* _RECORDS SHOWN_
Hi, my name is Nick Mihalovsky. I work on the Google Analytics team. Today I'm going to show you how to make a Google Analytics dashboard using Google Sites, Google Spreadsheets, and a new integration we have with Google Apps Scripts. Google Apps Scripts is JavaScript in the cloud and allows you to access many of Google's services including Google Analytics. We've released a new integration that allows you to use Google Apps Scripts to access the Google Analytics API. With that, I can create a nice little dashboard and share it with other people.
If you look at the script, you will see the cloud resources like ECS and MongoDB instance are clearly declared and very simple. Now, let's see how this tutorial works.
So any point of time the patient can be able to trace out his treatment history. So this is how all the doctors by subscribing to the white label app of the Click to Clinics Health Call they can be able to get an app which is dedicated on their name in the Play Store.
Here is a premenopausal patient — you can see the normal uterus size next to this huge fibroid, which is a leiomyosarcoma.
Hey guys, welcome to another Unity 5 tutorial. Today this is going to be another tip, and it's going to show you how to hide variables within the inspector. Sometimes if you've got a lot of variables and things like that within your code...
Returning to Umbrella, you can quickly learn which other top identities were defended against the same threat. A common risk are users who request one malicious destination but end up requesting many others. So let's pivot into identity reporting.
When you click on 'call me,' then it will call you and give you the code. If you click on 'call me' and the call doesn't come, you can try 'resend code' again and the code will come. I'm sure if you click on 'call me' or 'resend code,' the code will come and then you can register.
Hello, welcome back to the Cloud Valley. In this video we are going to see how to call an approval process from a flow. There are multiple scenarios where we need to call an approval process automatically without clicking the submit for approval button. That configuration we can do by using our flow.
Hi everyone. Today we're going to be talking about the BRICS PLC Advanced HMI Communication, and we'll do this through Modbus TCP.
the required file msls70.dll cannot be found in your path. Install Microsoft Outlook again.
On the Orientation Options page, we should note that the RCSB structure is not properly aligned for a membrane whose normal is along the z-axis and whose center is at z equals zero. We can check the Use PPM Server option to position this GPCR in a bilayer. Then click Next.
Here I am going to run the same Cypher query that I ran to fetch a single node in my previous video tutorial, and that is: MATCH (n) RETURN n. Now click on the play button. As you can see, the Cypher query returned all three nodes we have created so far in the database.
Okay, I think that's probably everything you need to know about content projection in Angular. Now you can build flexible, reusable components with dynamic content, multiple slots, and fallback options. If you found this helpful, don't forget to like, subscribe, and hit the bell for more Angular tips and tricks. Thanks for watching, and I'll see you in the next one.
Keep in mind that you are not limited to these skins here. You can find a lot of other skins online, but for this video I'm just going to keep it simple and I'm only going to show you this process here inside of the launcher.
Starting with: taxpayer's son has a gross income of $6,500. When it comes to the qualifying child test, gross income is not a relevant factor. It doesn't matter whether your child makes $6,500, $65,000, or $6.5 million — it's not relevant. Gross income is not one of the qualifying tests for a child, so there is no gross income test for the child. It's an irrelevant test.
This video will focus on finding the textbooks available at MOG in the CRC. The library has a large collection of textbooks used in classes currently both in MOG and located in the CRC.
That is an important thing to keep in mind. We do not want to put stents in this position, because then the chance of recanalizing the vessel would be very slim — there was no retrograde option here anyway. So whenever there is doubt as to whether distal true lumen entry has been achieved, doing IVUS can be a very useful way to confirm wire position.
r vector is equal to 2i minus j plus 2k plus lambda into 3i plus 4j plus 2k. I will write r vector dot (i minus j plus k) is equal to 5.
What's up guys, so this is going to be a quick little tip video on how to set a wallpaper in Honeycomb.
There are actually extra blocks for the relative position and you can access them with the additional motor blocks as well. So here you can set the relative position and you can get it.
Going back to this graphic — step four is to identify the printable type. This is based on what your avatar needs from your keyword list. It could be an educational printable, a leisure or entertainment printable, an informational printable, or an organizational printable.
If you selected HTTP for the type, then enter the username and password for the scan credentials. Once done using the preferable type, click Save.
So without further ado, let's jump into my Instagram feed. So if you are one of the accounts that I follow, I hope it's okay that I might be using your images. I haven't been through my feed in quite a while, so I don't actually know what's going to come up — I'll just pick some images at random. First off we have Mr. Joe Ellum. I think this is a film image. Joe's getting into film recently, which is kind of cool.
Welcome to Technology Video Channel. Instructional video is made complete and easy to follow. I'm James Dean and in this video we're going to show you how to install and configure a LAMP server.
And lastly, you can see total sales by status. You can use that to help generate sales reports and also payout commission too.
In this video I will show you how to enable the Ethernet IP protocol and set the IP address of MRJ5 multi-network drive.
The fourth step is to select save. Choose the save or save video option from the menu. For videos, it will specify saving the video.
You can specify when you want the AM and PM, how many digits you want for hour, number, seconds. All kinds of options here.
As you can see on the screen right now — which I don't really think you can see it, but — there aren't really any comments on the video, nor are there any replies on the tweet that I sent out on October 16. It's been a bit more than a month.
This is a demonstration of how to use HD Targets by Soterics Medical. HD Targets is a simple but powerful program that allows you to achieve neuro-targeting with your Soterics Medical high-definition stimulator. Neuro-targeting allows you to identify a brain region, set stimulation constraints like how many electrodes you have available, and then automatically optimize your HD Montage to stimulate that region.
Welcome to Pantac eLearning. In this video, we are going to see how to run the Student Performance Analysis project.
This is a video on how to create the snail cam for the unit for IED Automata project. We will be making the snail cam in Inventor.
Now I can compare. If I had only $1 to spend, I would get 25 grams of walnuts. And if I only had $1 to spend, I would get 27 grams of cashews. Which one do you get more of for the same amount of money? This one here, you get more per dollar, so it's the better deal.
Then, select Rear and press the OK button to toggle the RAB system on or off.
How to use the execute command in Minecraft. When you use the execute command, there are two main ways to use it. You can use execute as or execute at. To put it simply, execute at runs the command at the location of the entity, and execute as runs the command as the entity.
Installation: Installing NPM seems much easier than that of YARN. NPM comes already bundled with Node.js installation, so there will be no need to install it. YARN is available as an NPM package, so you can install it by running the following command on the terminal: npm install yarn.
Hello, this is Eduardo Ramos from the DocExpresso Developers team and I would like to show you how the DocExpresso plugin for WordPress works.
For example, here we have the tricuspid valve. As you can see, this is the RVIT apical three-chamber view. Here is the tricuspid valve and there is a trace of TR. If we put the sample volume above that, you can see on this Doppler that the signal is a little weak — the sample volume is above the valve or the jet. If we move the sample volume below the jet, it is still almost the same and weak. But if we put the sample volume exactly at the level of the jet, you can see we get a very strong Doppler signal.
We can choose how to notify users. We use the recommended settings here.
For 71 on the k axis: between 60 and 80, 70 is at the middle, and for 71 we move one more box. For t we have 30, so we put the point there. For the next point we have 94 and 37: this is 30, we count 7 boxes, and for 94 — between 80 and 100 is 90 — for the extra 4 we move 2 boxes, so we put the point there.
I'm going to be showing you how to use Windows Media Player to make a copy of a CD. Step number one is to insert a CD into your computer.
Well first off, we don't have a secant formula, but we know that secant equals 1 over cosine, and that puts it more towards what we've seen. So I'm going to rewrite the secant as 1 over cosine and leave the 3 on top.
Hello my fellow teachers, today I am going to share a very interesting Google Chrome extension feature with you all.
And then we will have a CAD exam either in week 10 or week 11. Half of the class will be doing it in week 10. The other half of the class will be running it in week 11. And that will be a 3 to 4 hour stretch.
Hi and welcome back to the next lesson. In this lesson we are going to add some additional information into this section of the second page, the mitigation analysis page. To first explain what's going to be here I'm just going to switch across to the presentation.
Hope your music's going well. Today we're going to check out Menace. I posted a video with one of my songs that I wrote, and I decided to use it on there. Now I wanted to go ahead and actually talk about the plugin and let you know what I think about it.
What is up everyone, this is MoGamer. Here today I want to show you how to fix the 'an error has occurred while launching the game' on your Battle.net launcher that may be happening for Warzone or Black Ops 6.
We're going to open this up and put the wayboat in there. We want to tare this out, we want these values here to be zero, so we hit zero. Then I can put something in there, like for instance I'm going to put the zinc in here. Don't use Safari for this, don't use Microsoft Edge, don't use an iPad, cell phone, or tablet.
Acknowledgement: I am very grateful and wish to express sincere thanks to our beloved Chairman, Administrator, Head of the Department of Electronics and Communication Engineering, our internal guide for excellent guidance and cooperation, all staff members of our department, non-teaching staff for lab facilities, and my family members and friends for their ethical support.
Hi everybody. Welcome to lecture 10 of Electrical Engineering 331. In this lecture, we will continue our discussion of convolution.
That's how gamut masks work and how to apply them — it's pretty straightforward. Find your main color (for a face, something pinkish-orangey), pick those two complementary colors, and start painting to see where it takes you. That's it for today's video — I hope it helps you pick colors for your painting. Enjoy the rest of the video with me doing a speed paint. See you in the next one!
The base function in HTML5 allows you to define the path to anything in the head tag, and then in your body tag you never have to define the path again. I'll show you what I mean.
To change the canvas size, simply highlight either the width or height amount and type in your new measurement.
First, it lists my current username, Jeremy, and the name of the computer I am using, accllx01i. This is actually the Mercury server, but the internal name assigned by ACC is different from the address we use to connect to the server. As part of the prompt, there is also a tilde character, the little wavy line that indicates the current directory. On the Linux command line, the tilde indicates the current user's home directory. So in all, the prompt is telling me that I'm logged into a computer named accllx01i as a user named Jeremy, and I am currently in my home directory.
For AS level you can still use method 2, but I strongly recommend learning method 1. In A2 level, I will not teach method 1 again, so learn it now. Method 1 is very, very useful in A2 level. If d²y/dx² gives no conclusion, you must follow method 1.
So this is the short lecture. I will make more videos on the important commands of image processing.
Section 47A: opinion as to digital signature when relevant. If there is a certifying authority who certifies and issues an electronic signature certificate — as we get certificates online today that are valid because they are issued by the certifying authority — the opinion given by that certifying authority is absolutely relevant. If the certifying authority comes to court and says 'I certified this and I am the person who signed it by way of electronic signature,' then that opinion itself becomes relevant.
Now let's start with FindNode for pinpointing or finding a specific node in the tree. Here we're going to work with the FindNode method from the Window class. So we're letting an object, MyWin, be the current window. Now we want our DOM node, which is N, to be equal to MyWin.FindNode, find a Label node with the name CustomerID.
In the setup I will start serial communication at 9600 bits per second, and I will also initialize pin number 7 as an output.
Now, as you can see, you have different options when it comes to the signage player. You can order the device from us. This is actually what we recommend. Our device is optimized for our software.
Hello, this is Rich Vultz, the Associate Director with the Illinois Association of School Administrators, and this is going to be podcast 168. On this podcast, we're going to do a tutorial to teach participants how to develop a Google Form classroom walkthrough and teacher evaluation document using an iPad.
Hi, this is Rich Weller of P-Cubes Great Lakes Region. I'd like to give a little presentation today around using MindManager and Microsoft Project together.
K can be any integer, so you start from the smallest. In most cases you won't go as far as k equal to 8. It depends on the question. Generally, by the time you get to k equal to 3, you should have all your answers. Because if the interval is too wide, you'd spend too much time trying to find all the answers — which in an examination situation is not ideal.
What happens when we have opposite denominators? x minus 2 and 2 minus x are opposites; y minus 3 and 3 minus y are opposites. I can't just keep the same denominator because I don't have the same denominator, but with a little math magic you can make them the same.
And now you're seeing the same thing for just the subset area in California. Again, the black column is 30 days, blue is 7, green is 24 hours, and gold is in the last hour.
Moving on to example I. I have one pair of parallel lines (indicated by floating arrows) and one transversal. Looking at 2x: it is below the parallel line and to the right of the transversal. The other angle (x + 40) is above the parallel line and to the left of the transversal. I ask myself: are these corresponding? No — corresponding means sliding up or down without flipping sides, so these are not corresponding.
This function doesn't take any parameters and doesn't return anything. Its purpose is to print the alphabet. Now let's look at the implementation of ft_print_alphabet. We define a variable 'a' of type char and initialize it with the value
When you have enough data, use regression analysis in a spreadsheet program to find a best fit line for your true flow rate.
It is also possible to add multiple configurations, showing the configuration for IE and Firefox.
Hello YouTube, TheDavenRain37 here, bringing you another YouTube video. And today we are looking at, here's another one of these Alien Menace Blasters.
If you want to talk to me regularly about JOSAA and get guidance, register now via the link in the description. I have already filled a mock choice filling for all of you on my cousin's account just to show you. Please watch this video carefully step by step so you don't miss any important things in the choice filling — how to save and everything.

* _WHAT IS NEEDED_
Lines with the word "simply" in the data need counting; report the count alone.

* _TASK ANSWER_
2